| Required action |
All records should be reproduced verbatim.

(Input data)

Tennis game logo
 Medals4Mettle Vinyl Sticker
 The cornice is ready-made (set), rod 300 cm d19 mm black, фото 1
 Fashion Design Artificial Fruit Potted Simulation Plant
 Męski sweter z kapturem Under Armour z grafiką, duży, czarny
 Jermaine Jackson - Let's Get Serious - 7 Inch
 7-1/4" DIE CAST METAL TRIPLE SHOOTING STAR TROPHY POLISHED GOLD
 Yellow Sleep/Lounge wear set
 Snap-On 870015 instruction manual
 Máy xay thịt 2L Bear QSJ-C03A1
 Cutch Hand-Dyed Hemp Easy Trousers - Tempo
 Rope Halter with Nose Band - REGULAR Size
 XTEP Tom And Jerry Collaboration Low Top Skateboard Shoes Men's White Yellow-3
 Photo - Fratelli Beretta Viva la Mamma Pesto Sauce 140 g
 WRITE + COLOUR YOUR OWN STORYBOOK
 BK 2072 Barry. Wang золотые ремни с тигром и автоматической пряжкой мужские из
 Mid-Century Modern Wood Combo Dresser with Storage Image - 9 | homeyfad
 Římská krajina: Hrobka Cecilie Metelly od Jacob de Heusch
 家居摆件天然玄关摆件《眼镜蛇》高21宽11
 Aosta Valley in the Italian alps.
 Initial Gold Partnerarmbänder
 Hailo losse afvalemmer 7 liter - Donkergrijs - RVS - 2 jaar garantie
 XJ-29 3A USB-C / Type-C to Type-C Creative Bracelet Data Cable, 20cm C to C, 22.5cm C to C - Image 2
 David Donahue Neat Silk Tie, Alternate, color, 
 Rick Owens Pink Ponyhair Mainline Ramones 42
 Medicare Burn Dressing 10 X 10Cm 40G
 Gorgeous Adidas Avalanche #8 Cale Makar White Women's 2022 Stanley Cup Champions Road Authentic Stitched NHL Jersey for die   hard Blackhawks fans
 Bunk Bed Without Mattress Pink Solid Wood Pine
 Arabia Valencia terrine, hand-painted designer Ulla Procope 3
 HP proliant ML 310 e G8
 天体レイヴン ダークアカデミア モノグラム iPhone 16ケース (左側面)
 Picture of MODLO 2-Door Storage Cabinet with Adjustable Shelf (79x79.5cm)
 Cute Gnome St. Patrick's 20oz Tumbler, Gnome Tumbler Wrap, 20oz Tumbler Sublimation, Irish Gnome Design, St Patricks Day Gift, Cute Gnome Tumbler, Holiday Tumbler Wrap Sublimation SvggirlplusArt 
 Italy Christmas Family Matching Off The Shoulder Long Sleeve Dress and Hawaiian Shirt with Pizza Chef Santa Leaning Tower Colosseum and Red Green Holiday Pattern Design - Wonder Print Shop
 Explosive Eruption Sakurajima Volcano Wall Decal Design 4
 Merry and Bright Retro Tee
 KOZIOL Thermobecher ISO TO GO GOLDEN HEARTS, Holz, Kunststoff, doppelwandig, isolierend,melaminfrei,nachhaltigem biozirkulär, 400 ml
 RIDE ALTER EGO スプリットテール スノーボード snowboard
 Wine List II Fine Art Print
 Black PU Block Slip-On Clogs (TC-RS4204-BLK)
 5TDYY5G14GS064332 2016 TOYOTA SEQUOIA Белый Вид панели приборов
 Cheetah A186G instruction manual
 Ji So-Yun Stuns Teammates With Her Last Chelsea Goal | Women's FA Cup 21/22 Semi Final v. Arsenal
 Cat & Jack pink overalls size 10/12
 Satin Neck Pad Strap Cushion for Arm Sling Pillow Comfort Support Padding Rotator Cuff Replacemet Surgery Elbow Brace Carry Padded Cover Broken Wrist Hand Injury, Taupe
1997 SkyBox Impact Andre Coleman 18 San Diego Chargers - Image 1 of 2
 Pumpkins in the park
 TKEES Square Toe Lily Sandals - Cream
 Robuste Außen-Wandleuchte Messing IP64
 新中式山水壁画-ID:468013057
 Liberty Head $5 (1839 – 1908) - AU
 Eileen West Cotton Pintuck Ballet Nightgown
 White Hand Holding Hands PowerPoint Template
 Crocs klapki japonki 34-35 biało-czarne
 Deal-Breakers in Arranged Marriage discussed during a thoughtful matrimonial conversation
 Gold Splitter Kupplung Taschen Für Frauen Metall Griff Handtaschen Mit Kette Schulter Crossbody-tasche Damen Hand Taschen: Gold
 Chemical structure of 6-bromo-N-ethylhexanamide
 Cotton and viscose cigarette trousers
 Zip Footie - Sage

(End Input data)

| Reply to the task |
Tennis game logo
 Medals4Mettle Vinyl Sticker
 The cornice is ready-made (set), rod 300 cm d19 mm black, фото 1
 Fashion Design Artificial Fruit Potted Simulation Plant
 Męski sweter z kapturem Under Armour z grafiką, duży, czarny
 Jermaine Jackson - Let's Get Serious - 7 Inch
 7-1/4" DIE CAST METAL TRIPLE SHOOTING STAR TROPHY POLISHED GOLD
 Yellow Sleep/Lounge wear set
 Snap-On 870015 instruction manual
 Máy xay thịt 2L Bear QSJ-C03A1
 Cutch Hand-Dyed Hemp Easy Trousers - Tempo
 Rope Halter with Nose Band - REGULAR Size
 XTEP Tom And Jerry Collaboration Low Top Skateboard Shoes Men's White Yellow-3
 Photo - Fratelli Beretta Viva la Mamma Pesto Sauce 140 g
 WRITE + COLOUR YOUR OWN STORYBOOK
 BK 2072 Barry. Wang золотые ремни с тигром и автоматической пряжкой мужские из
 Mid-Century Modern Wood Combo Dresser with Storage Image - 9 | homeyfad
 Římská krajina: Hrobka Cecilie Metelly od Jacob de Heusch
 家居摆件天然玄关摆件《眼镜蛇》高21宽11
 Aosta Valley in the Italian alps.
 Initial Gold Partnerarmbänder
 Hailo losse afvalemmer 7 liter - Donkergrijs - RVS - 2 jaar garantie
 XJ-29 3A USB-C / Type-C to Type-C Creative Bracelet Data Cable, 20cm C to C, 22.5cm C to C - Image 2
 David Donahue Neat Silk Tie, Alternate, color, 
 Rick Owens Pink Ponyhair Mainline Ramones 42
 Medicare Burn Dressing 10 X 10Cm 40G
 Gorgeous Adidas Avalanche #8 Cale Makar White Women's 2022 Stanley Cup Champions Road Authentic Stitched NHL Jersey for die   hard Blackhawks fans
 Bunk Bed Without Mattress Pink Solid Wood Pine
 Arabia Valencia terrine, hand-painted designer Ulla Procope 3
 HP proliant ML 310 e G8
 天体レイヴン ダークアカデミア モノグラム iPhone 16ケース (左側面)
 Picture of MODLO 2-Door Storage Cabinet with Adjustable Shelf (79x79.5cm)
 Cute Gnome St. Patrick's 20oz Tumbler, Gnome Tumbler Wrap, 20oz Tumbler Sublimation, Irish Gnome Design, St Patricks Day Gift, Cute Gnome Tumbler, Holiday Tumbler Wrap Sublimation SvggirlplusArt 
 Italy Christmas Family Matching Off The Shoulder Long Sleeve Dress and Hawaiian Shirt with Pizza Chef Santa Leaning Tower Colosseum and Red Green Holiday Pattern Design - Wonder Print Shop
 Explosive Eruption Sakurajima Volcano Wall Decal Design 4
 Merry and Bright Retro Tee
 KOZIOL Thermobecher ISO TO GO GOLDEN HEARTS, Holz, Kunststoff, doppelwandig, isolierend,melaminfrei,nachhaltigem biozirkulär, 400 ml
 RIDE ALTER EGO スプリットテール スノーボード snowboard
 Wine List II Fine Art Print
 Black PU Block Slip-On Clogs (TC-RS4204-BLK)
 5TDYY5G14GS064332 2016 TOYOTA SEQUOIA Белый Вид панели приборов
 Cheetah A186G instruction manual
 Ji So-Yun Stuns Teammates With Her Last Chelsea Goal | Women's FA Cup 21/22 Semi Final v. Arsenal
 Cat & Jack pink overalls size 10/12
 Satin Neck Pad Strap Cushion for Arm Sling Pillow Comfort Support Padding Rotator Cuff Replacemet Surgery Elbow Brace Carry Padded Cover Broken Wrist Hand Injury, Taupe
1997 SkyBox Impact Andre Coleman 18 San Diego Chargers - Image 1 of 2
 Pumpkins in the park
 TKEES Square Toe Lily Sandals - Cream
 Robuste Außen-Wandleuchte Messing IP64
 新中式山水壁画-ID:468013057
 Liberty Head $5 (1839 – 1908) - AU
 Eileen West Cotton Pintuck Ballet Nightgown
 White Hand Holding Hands PowerPoint Template
 Crocs klapki japonki 34-35 biało-czarne
 Deal-Breakers in Arranged Marriage discussed during a thoughtful matrimonial conversation
 Gold Splitter Kupplung Taschen Für Frauen Metall Griff Handtaschen Mit Kette Schulter Crossbody-tasche Damen Hand Taschen: Gold
 Chemical structure of 6-bromo-N-ethylhexanamide
 Cotton and viscose cigarette trousers
 Zip Footie - Sage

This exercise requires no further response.